Mars, 47, continued moving forward during the race’s second half. He was fifth at lap 20 and proceeded to grab fourth from Cade Dillard of Robeline, La., on lap 30 and steal third from Junghans on the final circuit.
Would Mars have liked a caution flag to fly late in the distance? He wasn’t sure.
“In one way you wish it would’ve happened,” Mars said. “In another way, after the last couple runs that I’ve had, I was happy that I got third. That was kind of a win for us the way we’ve been going.
“We’ve been fighting some ignition problems, which has been affecting the car quite a bit. I was trying to go back through and figure out what’s been going on, so hopefully we got things back in order again. We’ve been running consistent all year and then all of a sudden I didn’t know what was wrong. It kind of freaked me out.”
Clanton’s victory continued his steady improvement since replacing Chris Madden of Gray Court, S.C., in the newest Skyline Motorsports entry just over one month ago. He noted that his confidence in his new affiliation is growing thanks to the manpower he now has behind him as his mechanic when he drove his father-in-law Ron Davies’s equipment, Josh Smith, has been joined by Steve Dixon and Roger Padgett, the Skyline Motorsports employees who worked with Madden.

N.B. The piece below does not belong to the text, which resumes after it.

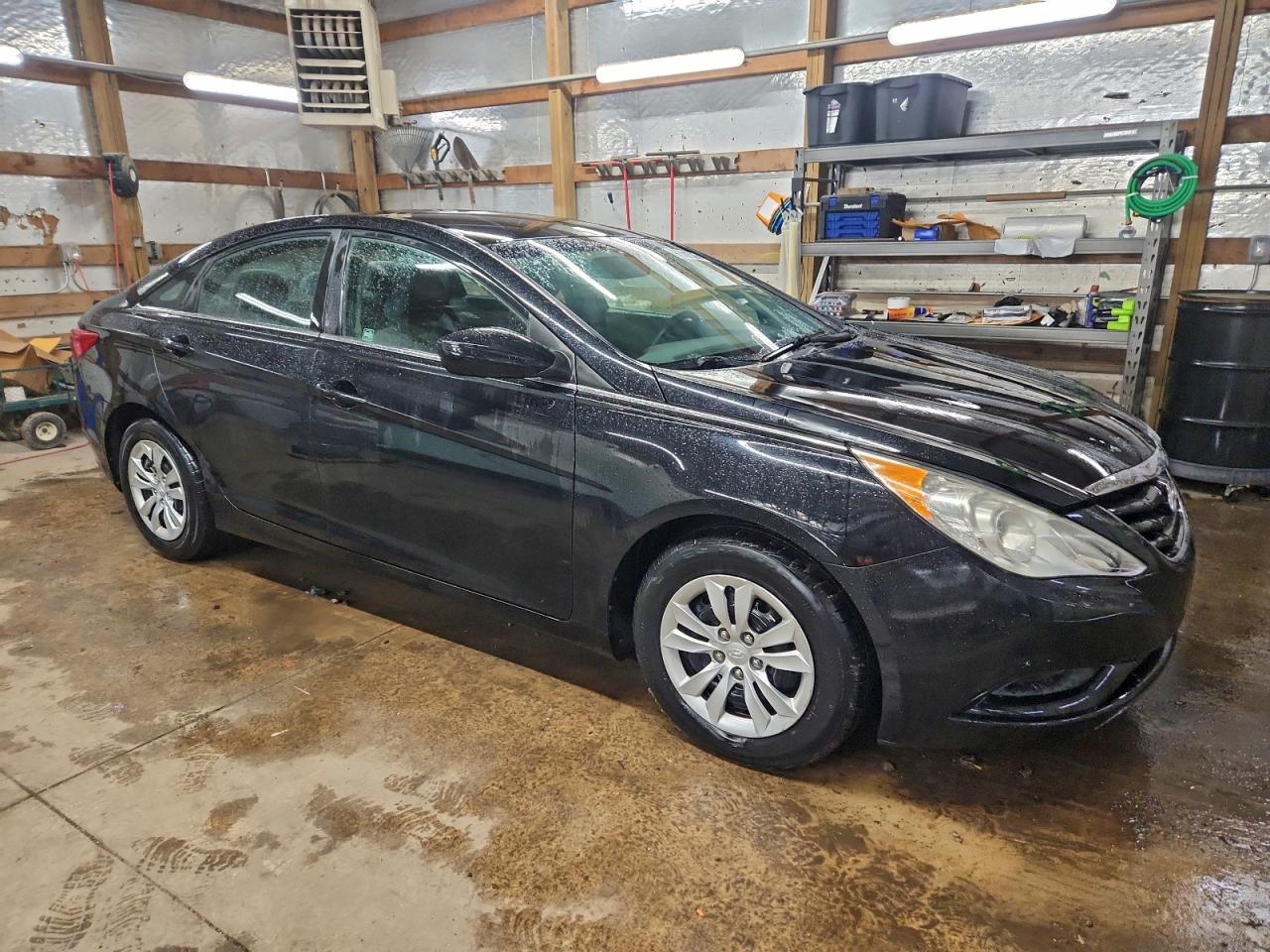 2012 HYUNDAI SONATA GLS photo 7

“Since Day 1 we were gelling,” Clanton said. “Even when they (Dixon and Padgett) were working for Madden we still discussed things back and forth. What (joining forces) has allowed me to do is concentrate on my race car. What people don’t realize is, yeah, I’ve had good help before and I’ve had the right help, but not the right help and enough help.
“The 1 car (Sheppard) has got three full-time guys — and actually four with (team owner) Mark (Richards) — and to compete against that you’ve got to have the equal (number of crewmen) so I can concentrate on my car and not have to do other things. Now (with three full-time crewmen) I don’t have to work on my race car; I let Steve work on it and I just make the adjustments. I just tell him what to do and he immediately goes and does it. If I tell him to turn four shocks over and put them right back on, he don’t argue one bit. He just goes out there and does it.

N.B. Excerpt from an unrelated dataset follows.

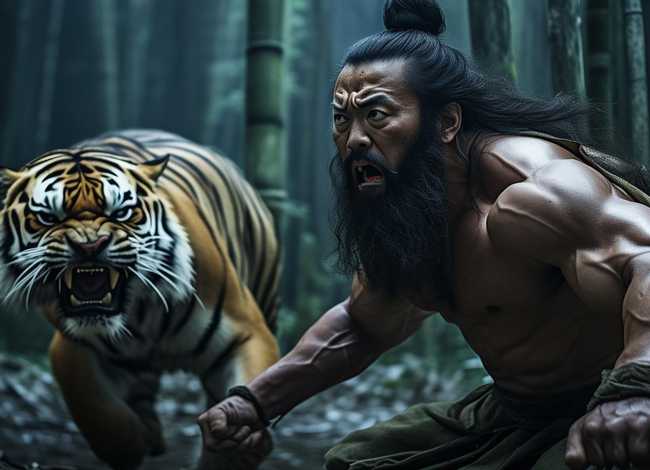 武松的故事大全 武松的故事大全100字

“That means more than what people realize. When you have to argue with your crew while we’re doing something … I don’t have to argue one bit with him. When we do it and we’re wrong, he says, ‘Man, you should’ve never done that,’ but it ain’t like he’s griping that he had to do it. He’ll just go do anything I ask him to do and it’s hard to find somebody like that.”
Notes: Clanton, who registered his 45th career WoO victory, scored his two previous series wins this season on Feb. 9 at Screven Motor Speedway in Sylvania, Ga., and July 13 at Ogilvie (Minn.) Raceway. His previous WoO triumphs at Shawano, meanwhile, came in 2015 and ’16. … Cade Dillard ran in the top five for much of the distance before finishing sixth. … After leading the race’s first lap, Boom Briggs faded to a 13th-place finish, one lap down at the checkered flag. … Darrell Lanigan of Union, Ky., said he “loves” racing at Shawano and he’s had plenty of success on the big layout — he won the WoO feature in 2011, ’12 and ’14 — but he was never a factor Tuesday en route to a ninth-place finish. He said an ignition problem plagued him throughout the night and caused a vibration in his car during the feature. … Tyler Bruening was unable to parlay his second-fastest qualifying lap into heat-race success after he was outgunned for the lead at the start by Briggs and then slid high in dirty air in turn two to fall to fourth. He finished 10th in the feature, going a lap down to Clanton at the finish line. … The only driver in the 23-car field who didn’t start the feature was Chris Engels of Green Bay, Wis., who hit the wall during hot laps. ... The event was co-sanctioned by the Dirt Kings Tour, which awarded its drivers show-up points for participating.